- Home /
ComputeShader version of Physics.Raycast
Hi all,
I am new on ComputeShader. In my application, I wrote a script that contains many may (>10,000) times of Physics.Raycast However, it is well-known that Physics.Raycast is CPU, and thus slow.
I look into google, and found that ComputeShader Unity is something similar to CUDA And I would like to write a ComputeShader version of Physics.Raycast.
I will be glad if any friends here can give me advise or reference about this. Thanks a lot! and have a nice day.
William
Answer by mysteryDate · Mar 11, 2015 at 06:03 PM
This is super possible. It's actually something I have done, it is NOT easy, however. I would greatly recommend this blog:
http://scrawkblog.com/2014/06/24/directcompute-tutorial-for-unity-introduction/
And this post:
http://kylehalladay.com/blog/tutorial/2014/06/27/Compute-Shaders-Are-Nifty.html
Unfortunately, compute shaders are a relatively new technique and resources can be hard to come by.
As far as compute shaders speeding up your raycast, the answer, of course, is "it depends." From what you describe you have many rays, and hopefully few objects in your scene. So you'll likely want to parallelize by having a single thread per ray. GPUs are capable of many, many threads, but as @Benproductions1 said, they're not actually faster (and are infact quite a bit slower) than CPU threads. So if each thread has to look for an intersection with 1000s of objects, it's still going to be slow. One way that Unity (along with other engines) gets around this problem on the CPU is through octree culling:
http://en.wikipedia.org/wiki/Octree
...but I'm getting ahead of myself. Assuming that you don't have too many objects in your scene, here's a simple raycast compute shader:
struct Ray
{
float3 position;
float3 direction;
};
StructuredBuffer<Ray> rays;
// Three vertices define a triangle in space
float3 vertA;
float3 vertB;
float3 vertC;
[numthreads(32,1,1)]
// a 32 by 1 thread group, generally you want to fill up thread groups
// which are either 32 or 64 threads wide, GPU dependent
void RayCast (uint3 id : SV_DispatchThreadID)
{
// Our Ray
float3 pos = rays[id.x].position;
float3 dir = rays[id.x].direction;
// The normal vector of the plane defined by the triangle
float3 norm = normalize(cross(vertB - vertA, vertC - vertA));
// The distance of the ray to an intersection with the plane
// This is in units relative to the length of ray.direction
float k = dot(vertA - pos, norm) / dot(dir, norm);
// The point in space were the ray intersects the (infinite) plane
float3 I = pos+ k*dir;
// Convert to barycentric coordinates
// This will find if the intersection is actually within the triangle
float triangleArea = dot(norm, cross(vertB - vertA,vertC - vertA));
float areaIBC = dot(norm, cross(vertB - I, vertC - I));
float baryA = areaIBC / triangleArea;
float areaICA = dot(norm, cross(vertC - I, vertA - I));
float baryB = areaICA / triangleArea;
float baryC = 1 - baryA - baryB;
if(baryA > 0 && baryB > 0 && baryC > 0 && k >= 0) {
// The ray intersects this triangle
}
}
This would have to run for EVERY triangle that the ray potentially intersects, either with a two-dimensional compute shader (num rays x num triangles), or a for loop within the compute shader. Either way, you're looking at some serious computations.

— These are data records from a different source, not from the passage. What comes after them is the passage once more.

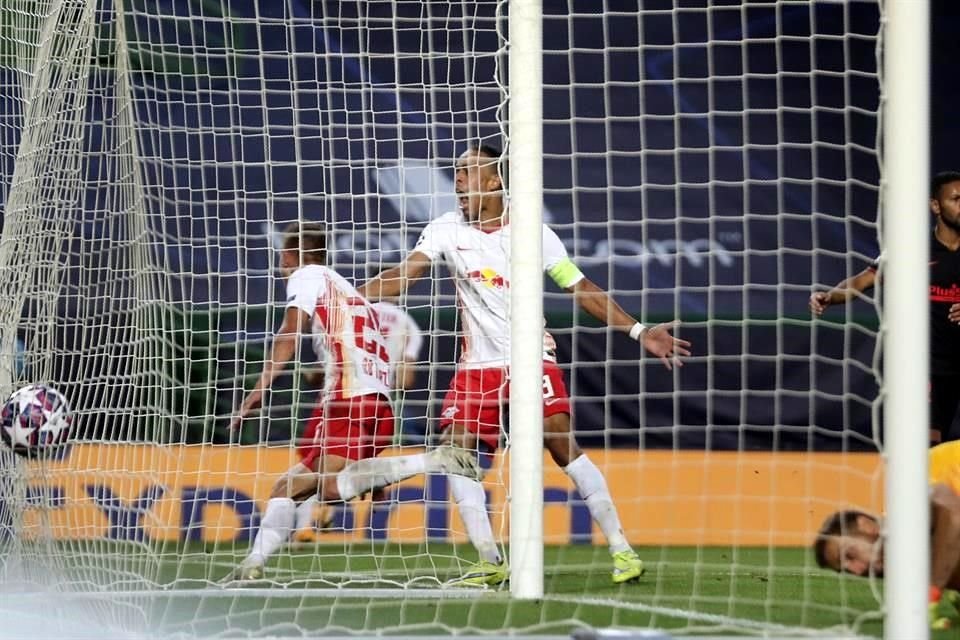 Dani Olmo abrió el marcador con un cabezazo.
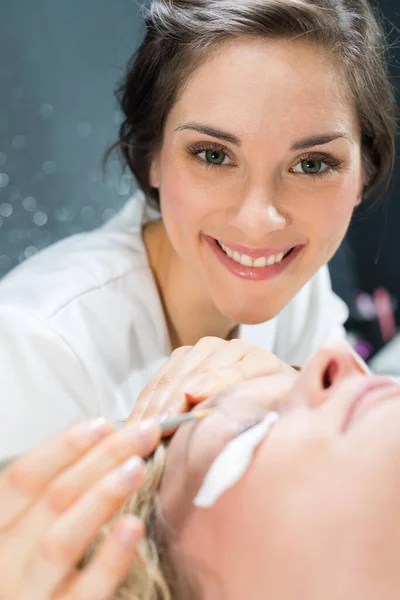 Ritratto Una Giovane Cosmetologa Professionista — Foto Stock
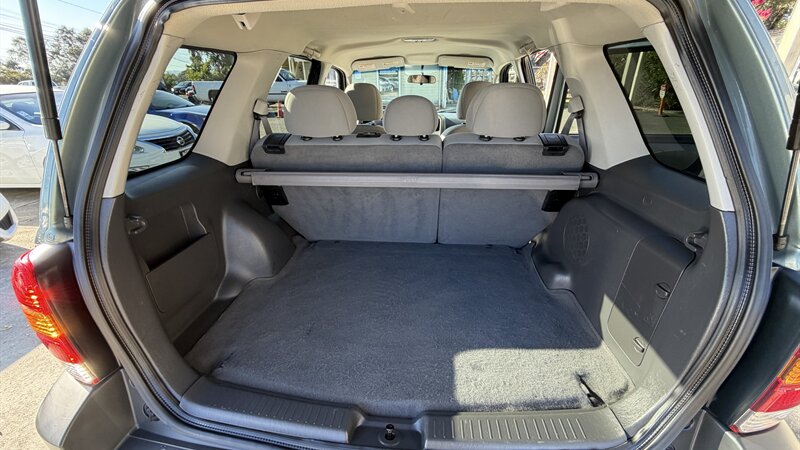 2005 Ford Escape XLT - Photo 9 - Lakeport, CA 95453-5619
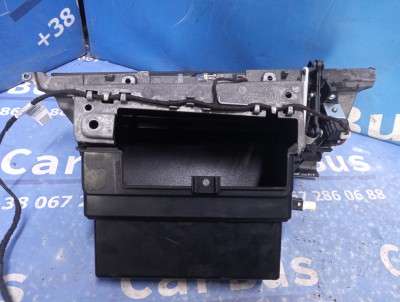 Бардачок речовий  в (торпедо) висувний BMW X5 E70 (2010-2013) рестайл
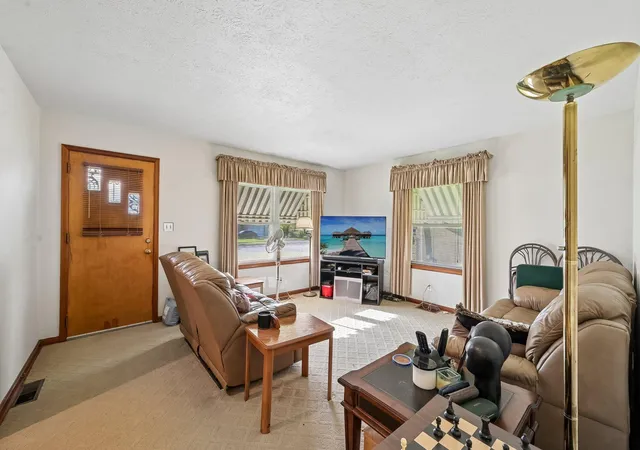 Homes for sale in Columbus, OH | 1545 Fairwood Ave, Columbus, OH 43206 | MLS# 226022659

Now, this doesn't get you 100% of the way there. You have to figure out what the hell you're going to return, and for that you're going to run into race conditions. Yup, there's gonna be some race conditions, good luck!
Answer by Benproductions1 · Apr 22, 2014 at 11:20 AM
Physics.Raycast is CPU, and thus slow
Just to be clear, a GPU is not fast, it's merely concurrent. Think of a GPU as having about 32, very old (ie. slow), very small CPUs. Unless you're doing something like 1k+ (arbitrary) raycasts per frame, using the GPU will probably be slower.
Before you ask about how you can implement Physics.Raycast
on the GPU, you'd be better of re-implementing it in a normal script first, just so you can understand the amount of work behind it.
To gain any sort of speed boost, you will quite literally have to rebuild a large section of Unity's physics engine, PhysX, on the GPU. This includes spacial trees and the like. You don't have access to any physics or other such API functions from any type of shader, so unless you're either ready to rebuild the PhysX collision system or willing to settle for a horridly slow GPU implementation, I suggest you stick with what you currently have.
Answer by williamlai3a · Apr 22, 2014 at 01:42 PM
Thank you for your answer. That's a horrible news.
And as I mentioned, I have to perform more than 10K raycasting (probably increasing to obtain a better result in my application), and that is from each light source that I have on scene.
And of course I understand that single GPU vs single CPU is not necessarily faster. What I understand is exactly about the parallelism, since each raycast does not differ from each other but the initial shooting direction.
So how may I improve this if I do not have the help from computeShader? Any advise? Thanks.
Answer by Roni92 · Aug 20, 2015 at 10:27 AM
Hello, how can I call this RayCast method with appropriate arguments, and how to retrieve bool if raycast hitted its target?